Justice Solomon wrote for a unanimous Court in relevant part: We begin our analysis of whether the federal prosecution served New Jersey’s interests by emphasizing the discretion granted to the trial court by N.J.S.A. 2C:1-3(f) to dismiss or take some lesser action, see Crim. L. Revision Comm’n, at 5, and the deferential standard that we apply to denials of motions to dismiss indictments, see Twiggs, 233 N.J. at 532. Here, we apply those standards to determine whether the federal life-plus-ten-years sentence, without the possibility of parole, adequately serves the State’s interests such that dismissal of defendants’ indictment is in the interest of justice.
We recognize that murder, the offense the State seeks to prosecute defendants for, “is the most heinous and vile offense proscribed by our criminal laws.” State v.
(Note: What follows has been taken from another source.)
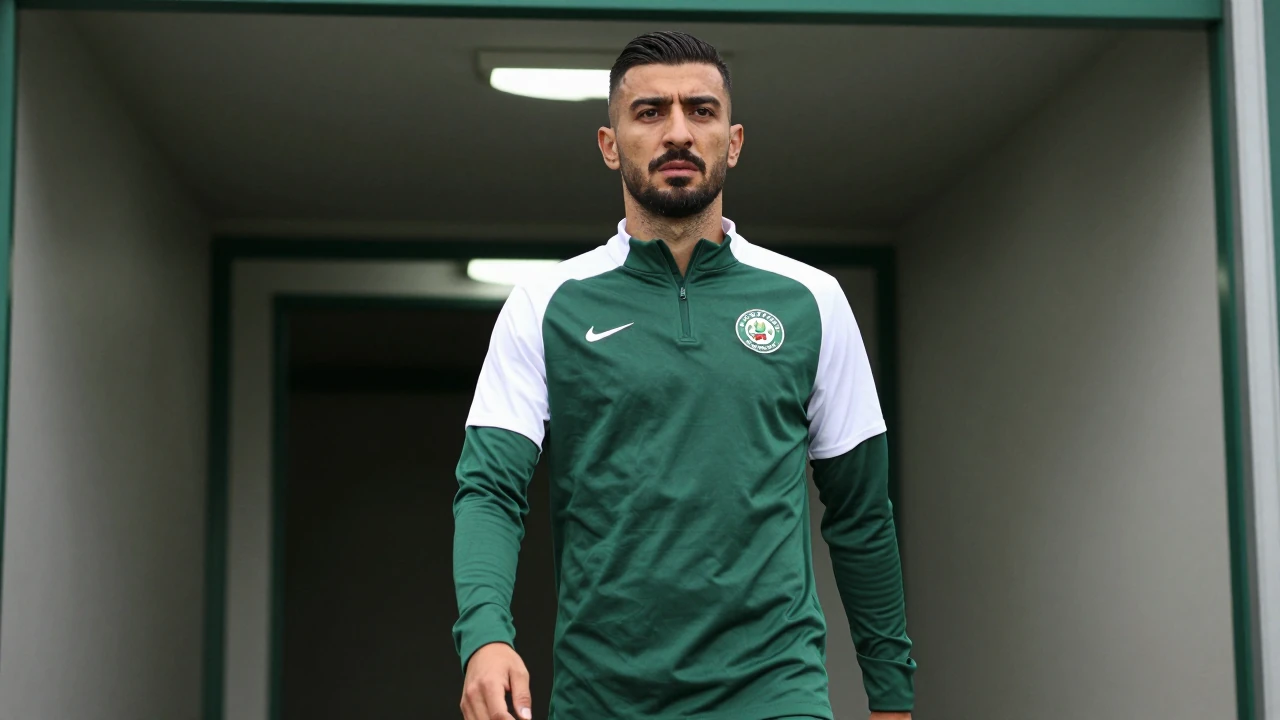 Konyaspor, 22 yaşındaki Macar orta saha oyuncusu Rajmund Toth ile 4 yıllık sözleşme imzaladı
Serrone, (1983); accord State v. Comer, (2022). In Serrone, we observed that “in dealing with this particularly egregious offense, great deference must be given to the legislative intent governing sentencing.” Like the Legislature, “historically, a prosecutor has been vested with broad discretionary powers to be exercised in the conscientious discharge of the manifold responsibilities of his office,” State v. McCrary (1984), which include seeking justice for victims and ensuring the public’s safety, see N.J. Const. art. I, ¶ 22; N.J.S.A. 52:4B-36. We afford the prosecutor’s decision here commensurate deference.
Considering that the defendants are already serving life sentences, it seems like a waste of resources to prosecute them in state court. While a state court conviction can serve as a safety net to keep them locked up if the federal conviction is overturned, there is no statute of limitations of murder. Therefore, the state could wait for a relatively unlikely federal conviction to be overturned before expending substantial resources on the state case.